Maynier told the Mail & Guardian he believes that the investigation could establish whether the alleged sale, brought to his attention by reliable sources, was illegal. Madonsela informed Maynier on Thursday her office would commence with a “preliminary investigation”.
Maynier was expelled from Parliament on Wednesday for asking Justice Minister Jeff Radebe, chairperson of the National Conventional Arms Control Committee (NCACC), whether he had allowed the sale and, “if the answer is yes, will the honourable minister tell this House what it feels like to have blood on his hands?”
An irate ANC raised a point of order that “talk of blood on hands was unparliamentary and out of order”.
In November Maynier was ejected from the House after telling Defence Minister Lindiwe Sisulu that she was telling Parliament a “big political fib” after she refused to make available to MPs reports on conditions in the military. While the sale of the arms would have taken place before a United Nations arms embargo on Libya, Maynier said he did not believe it would have complied with the provisions of South Africa’s legislation, which sets a high human rights standard.
“There have been multiple reports that security forces used sniper rifles to fire on protesters in Libya,” he told the M&G. “The company alleged to have exported the sniper rifles and ammunition not only lists Libya as a target market in Africa, but also exhibited sniper rifles at an arms fair in Libya in 2008. We understand that the export of sniper rifles and ammunition was authorised by the NCACC.”

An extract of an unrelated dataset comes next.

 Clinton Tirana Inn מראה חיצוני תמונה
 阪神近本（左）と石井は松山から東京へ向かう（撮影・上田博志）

Maynier said that parliamentary oversight of conventional arms exports had “effectively collapsed”. The NCACC quarterly reports had not been distributed to members of the portfolio committee on defence and military veterans or the joint standing committee on defence. “The NCACC last appeared before the portfolio committee on defence and military veterans on September 2 2009,” he said.

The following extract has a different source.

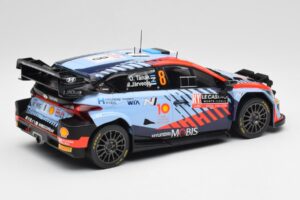 Hyundai i20 N Rally1 WRC #8 O. Tänak / M. Järveoja Rally Monte Carlo Night Version 2024 IXO 1:18 18RMC195 Métal Moulé — image 2 sur 6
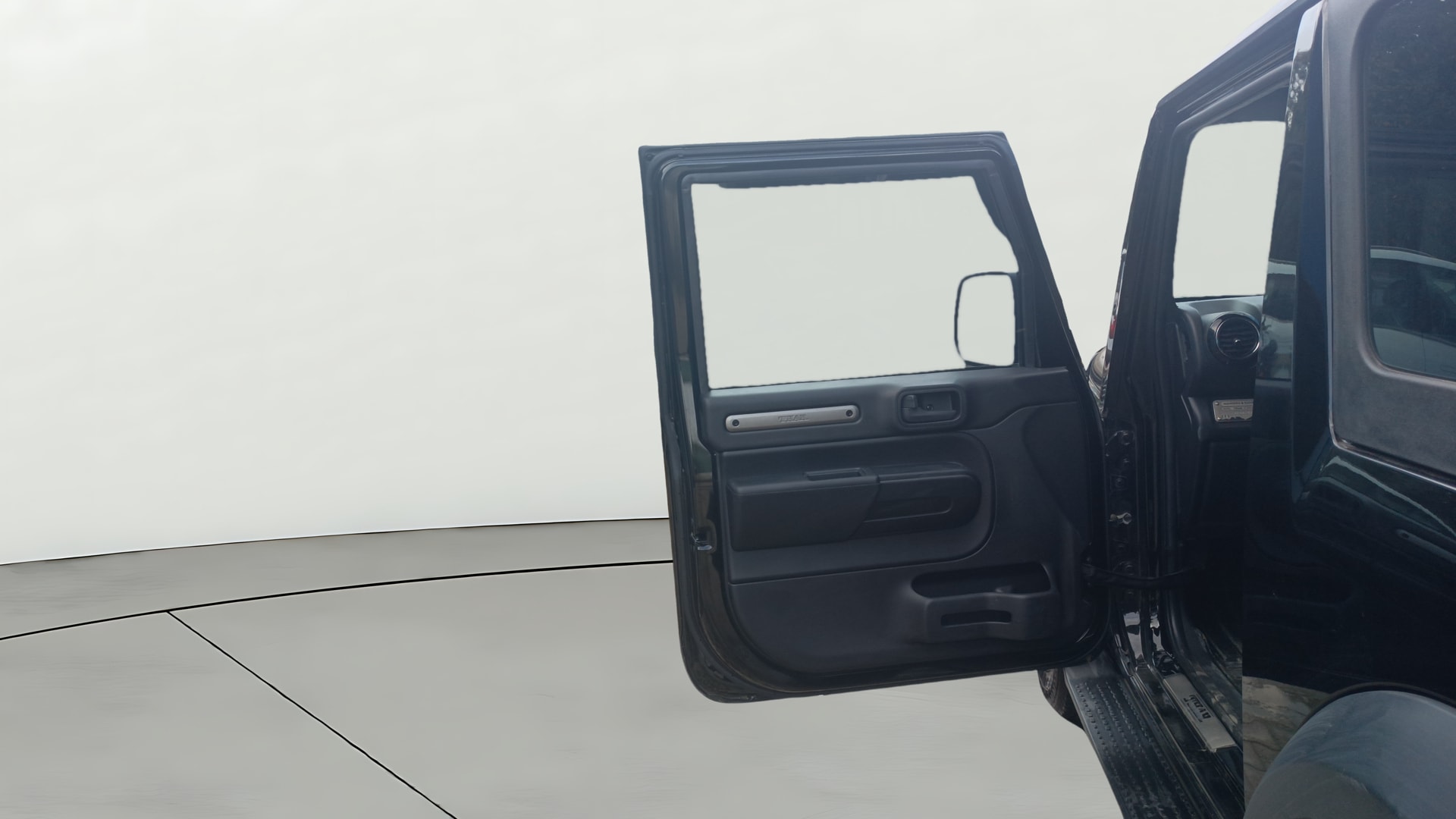View 2024 Mahindra Thar AX Standard Manual Soft Top 6 Seater Image 32 Used 2024 Mahindra Thar AX Standard Manual Soft Top 6 Seater Image 32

“Radebe should appear before the portfolio committee on defence and military veterans as soon as possible to properly account to Parliament. We have to get to the bottom of whether these sniper rifles and ammunition, or indeed any other weapons, were sold to Libya.”
In February Radebe confirmed that the NCACC had “duly authorised arms trade between South African companies operating in defence-related industry and the Republic of Libya”.

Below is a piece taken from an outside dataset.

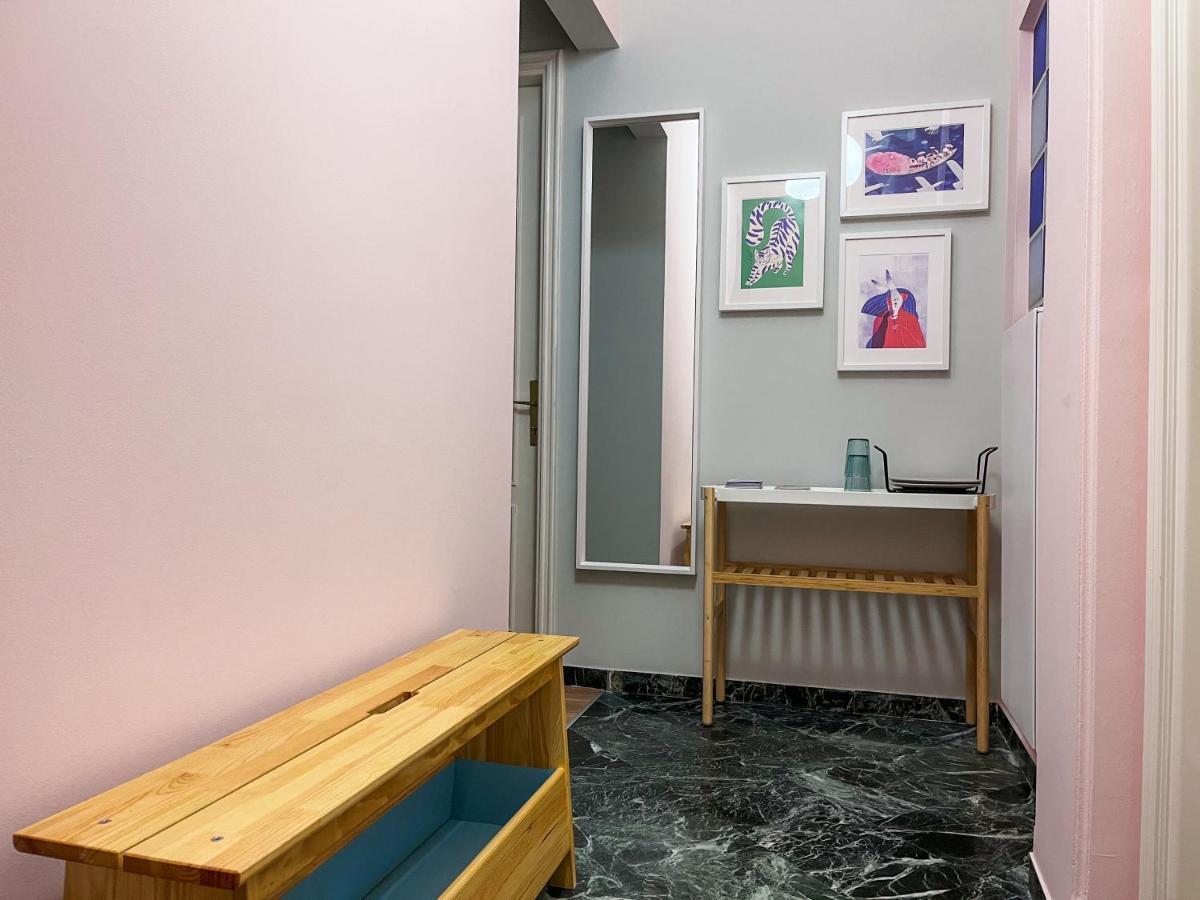Peaceful And Central Room With Balcony Next To Hilton Афіни Екстер'єр фото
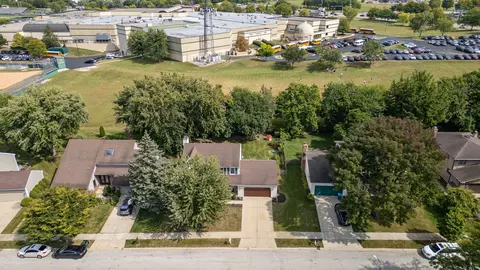 2483 Lakeside Dr, Aurora, IL 60504 photo 31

However, he said in a press release that at the time the transaction was concluded with Libya, there was no evidence that there would be any political unrest in the country.
“Some in the media or through the use of the media as a platform have been quick to conclude that the deaths that have been reported in Libya during the period of political unrest have a direct link with the arms sold by the South African companies to Libya,” Radebe said. “There is no evidence to back up such a claim.”
Radebe said that the transactions were authorised and complied with the guiding principles and criteria set out in the law regarding the conventional arms trade.
However, the details of the transactions could not be provided because of confidentiality clauses in the contracts with Libya. In his letter to Madonsela, Maynier asked that she establish who signed the transaction.
“I suspect that inter alia, given the human rights standard, obligation to avoid contributing to terrorism and crime and the end-user certificate reliability criteria, that the decision to authorise the transaction did not comply with guiding principles and criteria set out in the law regulating conventional arms sales in South Africa,” he wrote.
Maynier also asked the protector to look at whether information concerning conventional arms sales could be lawfully withheld from the public, given the alleged “confidentiality clauses” in the contracts with Libya.